Flag-waving supporters waiting for the former army captain at the airport were disappointed after their leader failed to appear through the sliding doors at arrivals. Security chiefs had reportedly ordered the ex-president be extracted through a side exit to avoid causing havoc.
His politician son Eduardo Bolsonaro did appear at the airport, however, to insist his father was still in the political game despite his three-month absence, which had frustrated many supporters.
“It is very symbolic that he is coming back to Brazil and his support is still very, very strong,” Eduardo, a pro-gun congressman who is close to Steve Bannon, told the Guardian.
What would his father, who does not now hold elected office for the first time in more than 30 years, do now?
“He will lead the opposition. He is a natural leader,” he replied, predicting that Lula would fail to complete his four-year term and vowing to fight for his impeachment.
Political observers are sceptical about Jair Bolsonaro’s immediate political future. The former president faces a litany of investigations into alleged crimes, including his handling of a Covid pandemic that killed at least 700,000 Brazilians and his role in the alleged attempted genocide of the Yanomami Indigenous people in the Amazon.

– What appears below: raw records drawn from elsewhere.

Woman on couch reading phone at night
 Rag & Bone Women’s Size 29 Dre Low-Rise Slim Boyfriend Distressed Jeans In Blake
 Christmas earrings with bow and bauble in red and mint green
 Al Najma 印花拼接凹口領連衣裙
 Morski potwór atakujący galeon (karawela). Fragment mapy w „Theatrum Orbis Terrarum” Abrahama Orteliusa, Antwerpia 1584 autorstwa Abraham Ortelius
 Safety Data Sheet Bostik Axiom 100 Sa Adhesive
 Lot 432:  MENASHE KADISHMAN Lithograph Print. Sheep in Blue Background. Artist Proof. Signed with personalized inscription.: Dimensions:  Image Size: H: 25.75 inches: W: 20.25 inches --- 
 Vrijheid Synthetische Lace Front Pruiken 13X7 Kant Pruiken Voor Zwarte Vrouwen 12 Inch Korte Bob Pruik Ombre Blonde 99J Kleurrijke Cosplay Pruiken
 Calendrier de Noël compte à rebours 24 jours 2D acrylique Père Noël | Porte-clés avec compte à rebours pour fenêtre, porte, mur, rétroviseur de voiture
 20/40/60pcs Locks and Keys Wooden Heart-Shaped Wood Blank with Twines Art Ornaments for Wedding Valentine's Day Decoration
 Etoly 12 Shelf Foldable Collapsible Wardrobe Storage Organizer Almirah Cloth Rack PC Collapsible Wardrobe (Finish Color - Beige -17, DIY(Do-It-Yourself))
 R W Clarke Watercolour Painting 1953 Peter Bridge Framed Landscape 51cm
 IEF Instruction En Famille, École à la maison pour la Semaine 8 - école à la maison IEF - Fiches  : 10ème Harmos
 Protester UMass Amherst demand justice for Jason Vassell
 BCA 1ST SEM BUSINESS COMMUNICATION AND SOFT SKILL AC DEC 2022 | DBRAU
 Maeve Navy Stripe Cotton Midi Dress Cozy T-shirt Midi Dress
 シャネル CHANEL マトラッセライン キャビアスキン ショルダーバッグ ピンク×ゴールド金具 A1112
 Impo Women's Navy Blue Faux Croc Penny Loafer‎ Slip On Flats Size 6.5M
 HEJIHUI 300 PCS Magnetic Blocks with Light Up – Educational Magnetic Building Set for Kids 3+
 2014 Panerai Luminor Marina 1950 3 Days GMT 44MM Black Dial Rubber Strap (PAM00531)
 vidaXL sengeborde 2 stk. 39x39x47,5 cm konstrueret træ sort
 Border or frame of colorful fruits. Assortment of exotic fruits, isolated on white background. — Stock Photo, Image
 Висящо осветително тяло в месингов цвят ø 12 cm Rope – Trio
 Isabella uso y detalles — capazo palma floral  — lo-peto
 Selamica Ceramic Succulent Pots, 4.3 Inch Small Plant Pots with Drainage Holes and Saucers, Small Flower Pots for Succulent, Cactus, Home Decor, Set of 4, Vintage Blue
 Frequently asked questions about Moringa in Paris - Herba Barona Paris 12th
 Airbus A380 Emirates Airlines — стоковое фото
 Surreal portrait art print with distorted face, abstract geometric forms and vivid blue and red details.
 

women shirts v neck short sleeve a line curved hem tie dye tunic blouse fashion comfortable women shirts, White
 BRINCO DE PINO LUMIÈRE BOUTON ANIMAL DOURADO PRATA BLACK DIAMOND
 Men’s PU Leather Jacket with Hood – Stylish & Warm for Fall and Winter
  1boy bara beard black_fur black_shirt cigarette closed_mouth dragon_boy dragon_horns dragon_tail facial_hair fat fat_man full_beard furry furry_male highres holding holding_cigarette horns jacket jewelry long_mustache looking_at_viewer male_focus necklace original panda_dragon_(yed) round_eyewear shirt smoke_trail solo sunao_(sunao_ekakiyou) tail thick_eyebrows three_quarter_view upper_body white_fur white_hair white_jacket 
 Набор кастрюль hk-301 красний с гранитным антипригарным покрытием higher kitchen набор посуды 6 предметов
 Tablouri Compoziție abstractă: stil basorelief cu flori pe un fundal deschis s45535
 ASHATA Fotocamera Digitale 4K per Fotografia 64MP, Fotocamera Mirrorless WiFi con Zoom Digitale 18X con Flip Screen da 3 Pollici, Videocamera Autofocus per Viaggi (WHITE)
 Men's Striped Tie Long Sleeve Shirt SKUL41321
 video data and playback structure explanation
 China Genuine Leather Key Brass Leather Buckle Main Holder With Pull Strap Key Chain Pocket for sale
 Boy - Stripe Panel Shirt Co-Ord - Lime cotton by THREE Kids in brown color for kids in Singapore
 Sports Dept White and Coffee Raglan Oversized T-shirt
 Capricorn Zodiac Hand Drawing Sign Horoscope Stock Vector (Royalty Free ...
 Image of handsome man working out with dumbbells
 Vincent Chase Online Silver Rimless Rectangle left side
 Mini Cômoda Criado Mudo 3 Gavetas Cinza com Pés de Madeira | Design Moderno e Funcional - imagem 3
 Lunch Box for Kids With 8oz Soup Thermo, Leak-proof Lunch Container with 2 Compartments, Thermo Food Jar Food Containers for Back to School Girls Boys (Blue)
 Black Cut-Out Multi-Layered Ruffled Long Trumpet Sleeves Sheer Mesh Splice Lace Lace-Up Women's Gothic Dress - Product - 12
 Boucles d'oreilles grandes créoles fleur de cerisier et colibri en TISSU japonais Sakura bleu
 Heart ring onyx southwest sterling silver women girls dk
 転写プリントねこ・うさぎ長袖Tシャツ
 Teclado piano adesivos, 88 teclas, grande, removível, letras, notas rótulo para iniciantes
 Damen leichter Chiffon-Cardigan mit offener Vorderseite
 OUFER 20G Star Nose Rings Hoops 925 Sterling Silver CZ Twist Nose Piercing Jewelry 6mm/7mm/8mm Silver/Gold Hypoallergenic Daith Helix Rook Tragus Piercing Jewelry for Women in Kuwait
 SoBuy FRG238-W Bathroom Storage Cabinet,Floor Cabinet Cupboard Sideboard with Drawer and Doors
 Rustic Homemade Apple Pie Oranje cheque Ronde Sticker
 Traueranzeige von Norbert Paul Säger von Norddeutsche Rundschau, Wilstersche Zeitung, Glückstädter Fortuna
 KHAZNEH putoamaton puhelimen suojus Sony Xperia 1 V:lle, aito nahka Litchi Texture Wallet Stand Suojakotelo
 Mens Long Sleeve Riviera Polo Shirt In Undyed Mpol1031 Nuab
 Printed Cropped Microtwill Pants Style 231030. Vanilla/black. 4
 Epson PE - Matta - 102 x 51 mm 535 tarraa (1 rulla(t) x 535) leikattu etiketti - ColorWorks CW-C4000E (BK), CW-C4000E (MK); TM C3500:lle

Bolsonaro is also reportedly facing an investigation into alleged embezzlement as a result of a mounting scandal involving millions of dollars of diamond jewellery and watches given to the ex-president by Saudi Arabia. “My father is not corrupt,” Eduardo Bolsonaro insisted at the airport, shrugging off those investigations.
Many expect that electoral authorities will strip Bolsonaro of his political rights, making it impossible for him to seek to return to the presidency at the next election in 2026.
As Bolsonaro boarded his flight home on Wednesday night, one passenger reportedly shouted her preferred destination for the far-right politician: “Jail!”
Even so, Juliana Dal Piva, the author of a book about the murky past of the Bolsonaro clan and long-running suspicions of corruption, said he remained a highly influential figure in Latin America’s largest democracy.
“He received 58m votes [in the election] and still boasts a great deal of popular support. Bolsonaro cannot be ruled out of Brazilian politics. It would be a grave error to play down the power that he still has,” Dal Piva said.
Beyond question is that Bolsonaro’s return to Brazil will once again raise the political temperature in a country struggling to reunite after four profoundly divisive years under his rule.
After leaving the airport, police escorted Bolsonaro to a hotel to meet political allies, just three miles from the presidential palace he once occupied and which his supporters recently trashed.
Outside, scores more of his hardcore supporters had assembled to insist their fight against Lula’s leftists would go on.
“It is today that the left will die!” bellowed Gemima Silva Santos.
“I am 67 years old,” Santos proclaimed, as Bolsonaro appeared to greet supporters. “And I am going into battle.”